The silence hanging over the palace ruins was heavier than all the tumult of the battle. Teth-Adam sat on a collapsed block of stone, staring at his hands—the hands that had wrought so much destruction. Utopian approached, not with the stance of a warrior ready to fight, but of a man seeking to understand.
"You saved the boy," Utopian began, his calm voice a stark contrast to the recent roar of collapse. "But at a cost no one should have paid. Why?"
Adam didn't look up. "The 'why' is not your concern."
"I believe it is," Utopian insisted, taking a seat near him. "I see the anger in you. I've felt a similar one. A rage that consumes everything in its path. But mine was directed outward, against those who imprisoned me. Yours... seems older. More personal. As if you're punishing yourself with every life you take."
A long silence settled, broken only by the desert wind whistling through the ruins. Then, Adam's voice rose, strangely vulnerable.
"Hurut..." The name was a pained whisper. "Hurut was the true Champion. He was good, pure. And he was my son."
The words fell like stones. Utopian listened, motionless, as Adam unraveled the thread of his tragedy. The Council of Wizards choosing Hurut, Ahk-Ton's jealousy, the assassins, his son's heart-wrenching choice to save his father over his kingdom.
"They gave me his powers while his blood was still warm," Adam continued, a tremor in his voice. "They called it a gift. It was a curse. Every spark of lightning, every ounce of strength was steeped in my rage, my grief. I was not a hero. I was a weapon of vengeance wearing my son's name."
The truth dawned. It wasn't a thirst for power that drove Adam, but a crushing burden of guilt and sorrow. He fought to avenge his son, but every life he took pushed him further from the man he felt he had failed to be.

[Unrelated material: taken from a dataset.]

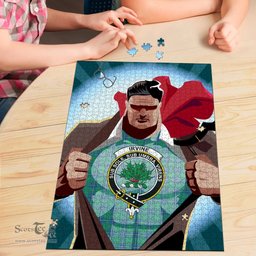 Scottish Irvine Ancient Clan Tartan Puzzle - Supper Hero Style Scottish Plaid Tartan Plaid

Soon after, Hawkman and Doctor Fate joined them, drawn by the prolonged silence. Adam, emptied of his fury, repeated his story to them.

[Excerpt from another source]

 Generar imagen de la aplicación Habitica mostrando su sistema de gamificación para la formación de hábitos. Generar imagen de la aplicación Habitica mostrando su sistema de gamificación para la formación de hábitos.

"The statue...", Hawkman murmured, his gaze turning to the colossal figure on the horizon. "It doesn't represent you. It's him. It's Hurut. Your son dreamed of a better world. It was for that world he saved you. Not for you to become a scourge."

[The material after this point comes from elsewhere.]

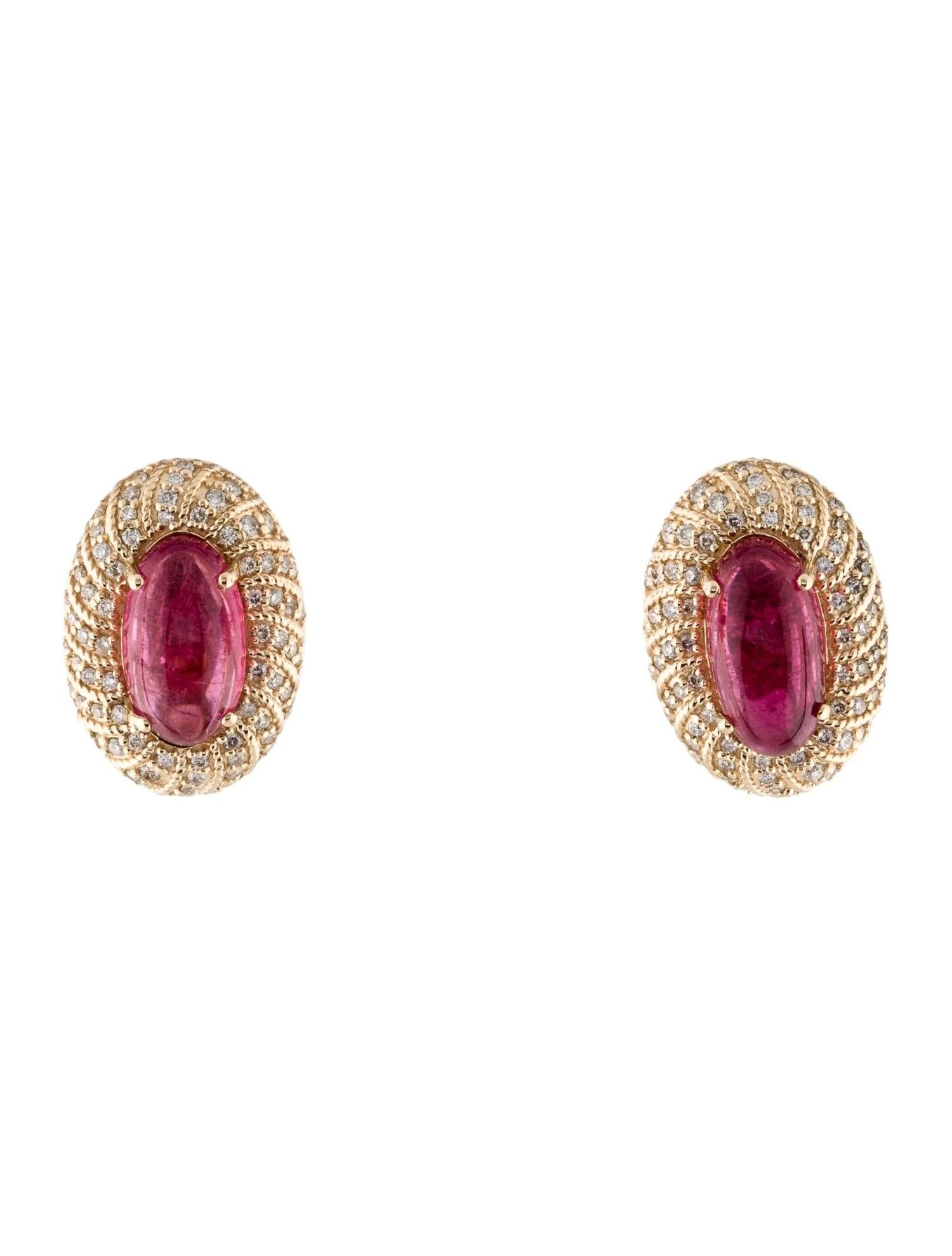 Taille ovale Clous d'oreilles en or jaune 14 carats, tourmaline rose 6,46 carats et diamants 0,61 carat en vente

Those words seemed to shatter the last defenses within Teth-Adam. He looked up at Utopian, then at Hawkman.
"I cannot be the hero he deserved. I am only the curse he left behind."
He stood, squaring his massive shoulders. Then, in a clear, resolved voice that echoed through the ancient ruins, he spoke the word:
"Shazam."
A colossal bolt of lightning tore through the sky, sucking the divine power from his body. When the light dissipated, Teth-Adam was just a man, standing vulnerable and exhausted.
"Do with me what you will," he said simply.
The Justice Society took him away. The journey to a secret ARGUS base, hidden beneath the Antarctic ice, was made in a heavy silence. Emilia Harcourt and her soldiers greeted them.
To prevent any reclamation of his powers, Adam was placed in biostasis. They guided him into a transparent capsule which was then submerged in a pool of icy water, preventing him from speaking the magic word. As the cryogenic fluids fogged the pane, Utopian took one last look at the man inside. He was no longer a god or a monster, but a father shattered by grief, locked in a prison of his own choosing.
As the capsule sank among others containing captured super-villains, Utopian felt a chill that had nothing to do with the ice. He had seen the source of the rage, and he couldn't help but think that sometimes, justice could feel like cruelty in disguise.